In response, USAID provided funding to HCP to assist the Ministry of Health to educate the public about the research linking HIV prevention and safe medical circumcision while the policy and guidelines were put in place. A National Male Circumcision Task Force was created to draft this national policy, and HCP was tasked to assist the task force with disseminating the results to leaders, health workers and civil society organizations.

Nonetheless, by 2010 only 25% of Ugandan men were circumcised, a number that greatly trailed the PEPFAR and UNAIDS estimates of what was needed for Uganda to cut its HIV incidence by half. SMC services across Uganda needed to be scaled up, services needed to be accredited and branded and community mobilizers needed education to be able to discuss SMC in their communities.

Stand Proud, Get Circumcised was born.

HCP’s research showed that the main reason men gave for not getting circumcised was not knowing where to get the procedure or fearing that the procedure would be painful. At the same time, most women cited a desire for their men to be circumcised, stating that circumcised men are cleaner and are less likely to spread HIV.

Stand Proud, Get Circumcised used these findings and targeted men who wanted to circumcise, while encouraging women to support their men. Using a multimedia approach with radio, television, billboards, brochures and posters, the campaign promoted SMC as a way for men to reduce their risk of getting HIV. It also reassured men that the procedure was not painful, and directed men to locations where services were available.

Reactions to the campaign’s provocative messages—which include posters depicting wives and girlfriends saying, “I am proud I have a circumcised husband because we have less chances of getting HIV”—have been passionate.

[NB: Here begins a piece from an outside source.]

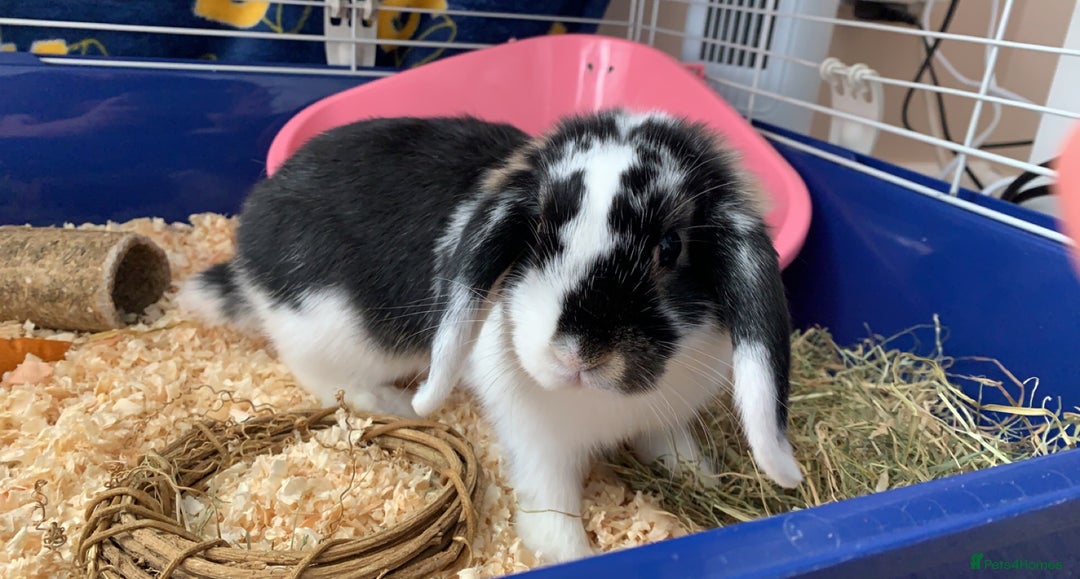 Mini Lop rabbits for sale: Male mini lop rabbit  - Image 8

The SMC campaign generated positive debate and radio personalities joined the conversation. When James Onen of the Sanyu FM Breakfast Show mentioned a Stand Proud, Get Circumcised poster on air, the radio show’s lines were jammed with callers, debating whether SMC does reduce HIV infection and arguing that SMC was a license for promiscuity.

Despite the few skeptics, overall response to the campaign and efforts to promote safe medical circumcision in Uganda has been very successful.

At Itojo Hospital, Arinda Brian and Ashabe Damson were among the almost 15,000 men who were circumcised in the three month period (January to March 2012) following the launch of Stand Proud, Get Circumcised, an eight-fold increase over the three months prior to the launch. Nationwide, following the campaign launch, the National Health Hotline experienced a dramatic increase in calls from individuals seeking SMC information. The Hotline received over seven times the number of calls it had received prior to the campaign. Furthermore, the number of sites offering SMC services across Uganda has increased from only 21 in 2007 to 120 sites in 2012.

Stand Proud, Get Circumcised will be evaluated as part of the 2012 USAID Joint BCC Survey. But for Arinda Brian and Ashabe Damson and other men who learned about SMC because of the campaign, the results are clear: Thanks to circumcision, they feel they are more protected from contracting HIV. And that is something to celebrate.